Vice Admiral Ed Straw Former President, Global Operations The Estee Lauder Companies
Stop the Presses is a revealing surprise so far. I'm finding it a compelling work of reference, application and practical wisdom that's equally clever, smart and a popping good read! I hope the authors do for C-suites what Cluetrain Manifesto did for those who were once 'sheep.' In fact, I just ordered one for my favorite 'litigator' -- my dad.
As an investigative reporter years ago, I would have delighted in this book -- it's quite enlightening in terms of how the media and its sources traditionally share a mutual perspective as 'frienemies' -- whether those sources are marketing chiefs, communications 'comptrollers,' information 'controllers' or the info-trolling public they can't control (and never did... not all of 'us' anyway).
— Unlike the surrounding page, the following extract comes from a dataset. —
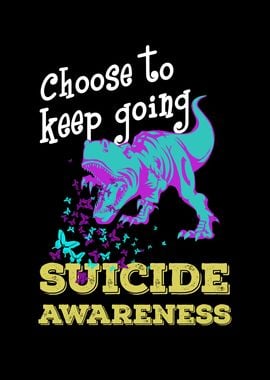 Suicide Awareness For Men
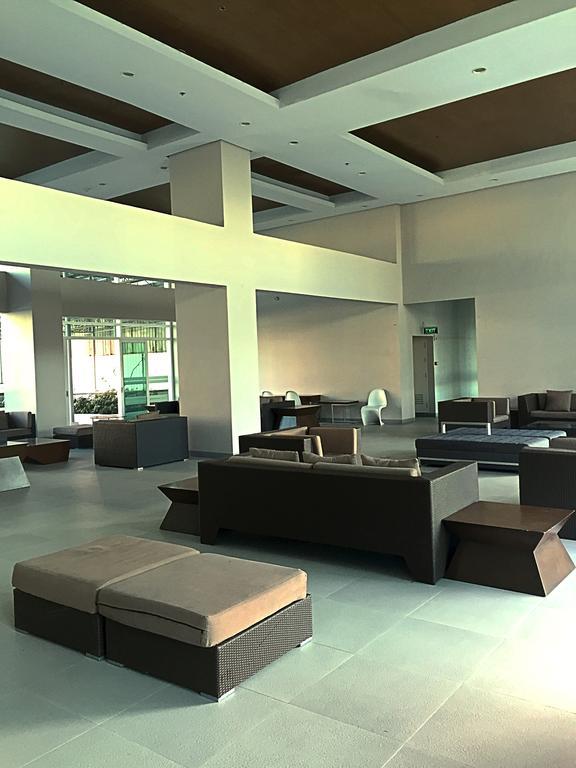 Apartment The Beacon Residences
Though cliché, the authors' call to 'run to the crisis' isn't trite at all. It's no less trite for chiefdom, occupational journalists and their citizen counterparts dawning 3.0 than it was to the friendlier, subtle but perhaps more adversarial 'oneupmanship' that marked information exchange and reputations of the 1.0 generation. Our corporate 'friends' and counsel wore white-collar T-shirts beneath their expensive vests; we wore our coffee-stained cottons and camisoles straight up to the copy desk. (We dressed them up for boardrooms with khakis and a blazer ....)
As I recall, the press corps' most popular T quoted Richard Nixon: "... The media always have the last word." Levick and Smith 'get it,' and they also seem to get the power of integrity and today's new media powerbrokers, as well as the fuller message of Nixon's full quotation: "The media are far more powerful than the President in creating public awareness and shaping public opinion, for the simple reason that the media always have the last word."
Today's media often have the first word, too, which STP underscores well -- crisis or not. And for that, Levick and Smith deserve a T-shirt ... with matching SOX to boot. Or maybe they'll brand some sox for the C-suite that offer the real wisdom of this book: "Integrity is doing the right thing when no one is watching." -- Stop the Presses
The title of this book invokes a sense of urgency and indeed the book is a must-read for anyone who has to navigate their way through the increasingly complex world of public relations. It is clearly written, well-organized and easy to read.
Richard Levick and Larry Smith include many real-world examples that provide fascinating context for the information covered in the book. The checklists of best practices that the authors include have made this book my "go-to" resource when I'm developing a PR plan for an issue or a case in which my firm is involved. I will keep this book close at hand along with my already dog-eared copy of the first edition.